Veganism: why settle for anything less?

“Meat reduction goes mainstream” runs the headline of an article in the Summer 2015 issue of Farm Animal Voice, the magazine for supporters of Compassion in World Farming. The article claims that “the need to eat less meat … is at last taking root, as the growing popularity of ‘flexitarian’ (also known as ‘demitarian’ or ‘part-time vegetarian’) diets so powerfully attests”, citing initiatives such as Meat-Free Mondays, the Jamie Oliver-backed Meat Free Week and Friends of the Earth’s Meat Free May as examples of how the meat reduction message is getting across. Even the UK government’s Global Food Security Programme report is cited as advocating a reduction in meat intake. So far so good: I’m all for campaigns that will reduce the number of animals that are slaughtered for food.

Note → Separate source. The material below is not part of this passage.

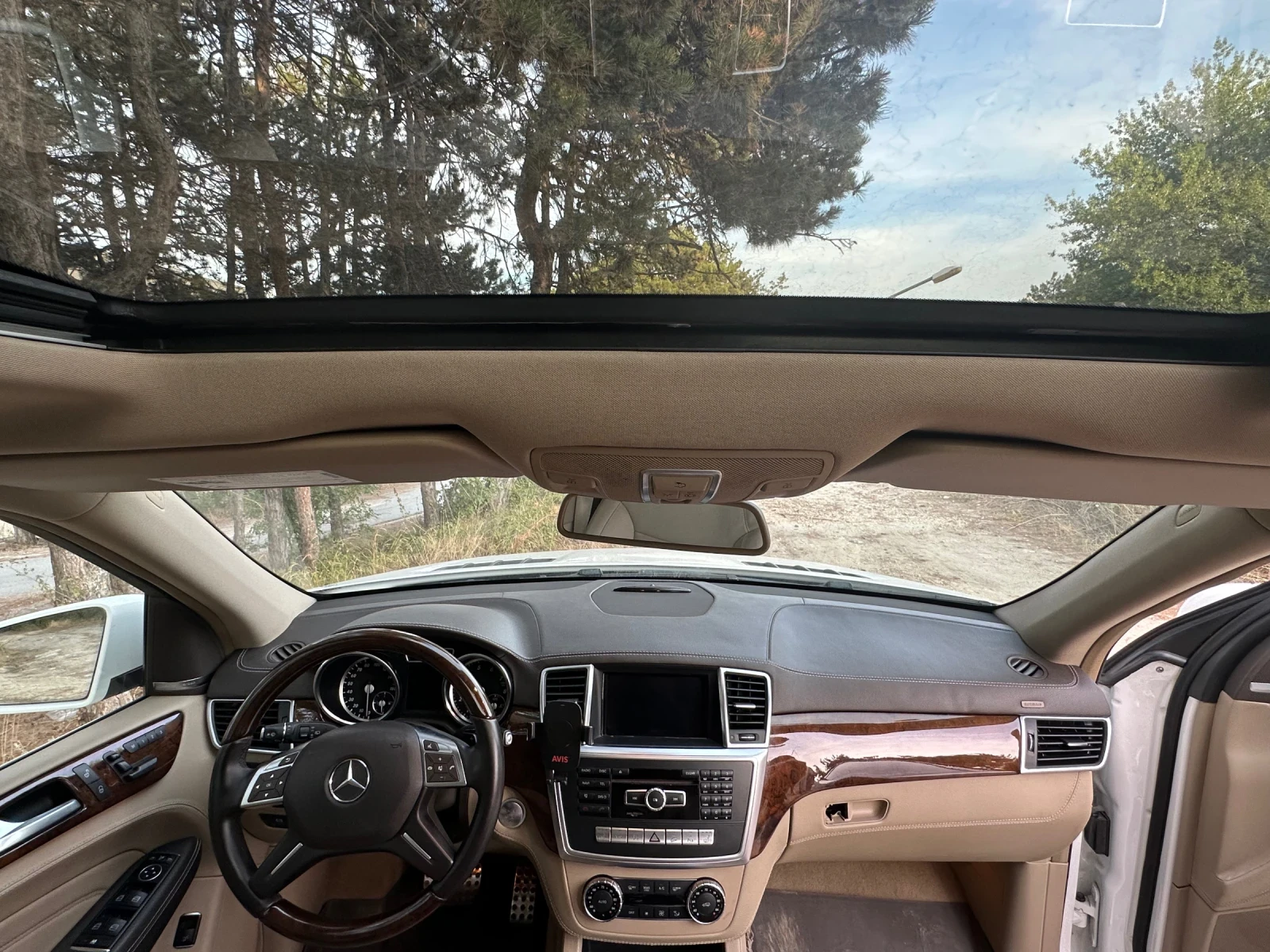 Mercedes-Benz ML 400 AMG FULL - изображение 7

However, the article then goes on to promote the ‘flexitarian’ diet as an end in itself, declaring that “unlike all-or-nothing diets that require rigorous discipline, flexitarian eating is eminently realistic and achievable for many more people”, reminding the reader that “most people do eat meat or fish on a regular basis”. The problem I have with this is simple: if eating less meat is better for animal welfare, the environment, world hunger and so on, doesn’t it follow that eating no meat at all is the best option? An example of this was found in a study of climate change-inducing greenhouse gas (GHG) emissions of people following a range of diets in the UK. In the study (Scarborough et al, Climatic Change 2014, DOI 10.1007/s10584-014-1169-1), the dietary GHG emissions of meat-eaters, fish-eaters (who ate fish but not meat), vegetarians and vegans were estimated from food frequency questionnaires completed by the participants. The meat-eaters were further subdivided into ‘high’ (at least 100 grams of meat per day, typical of that consumed by most people in the UK), medium (50-99 g/d) and low (<50 g/d) meat categories. After correcting for differences in age and gender between the diet groups and standardising to a 2000 kcal diet, average dietary GHG emissions across the 6 diet groups in kilograms of carbon dioxide equivalents (kgCO2e) per day were 7.19 in high meat-eaters, 5.63 in medium meat-eaters, 4.67 in low meat-eaters, 3.91 in fish-eaters, 3.81 in vegetarians and 2.89 in vegans. Thus, the low meat-eaters did better than the medium meat-eaters, who in turn did better than the high meat-eaters. However, the groups who did not eat meat did even better! Overall, dietary GHG emissions among the meat-eaters were approximately twice as high as among the vegans. This is not to say that a vegan diet is necessarily 'optimal' in environmental terms, but it does show that a 'flexitarian' diet (which to my mind means eating whatever you like whenever you like!) is, at best, an unsatisfactory compromise. A vegan diet does not require 'rigorous discipline' and is 'realistic and achievable' for many people, so why settle for anything less?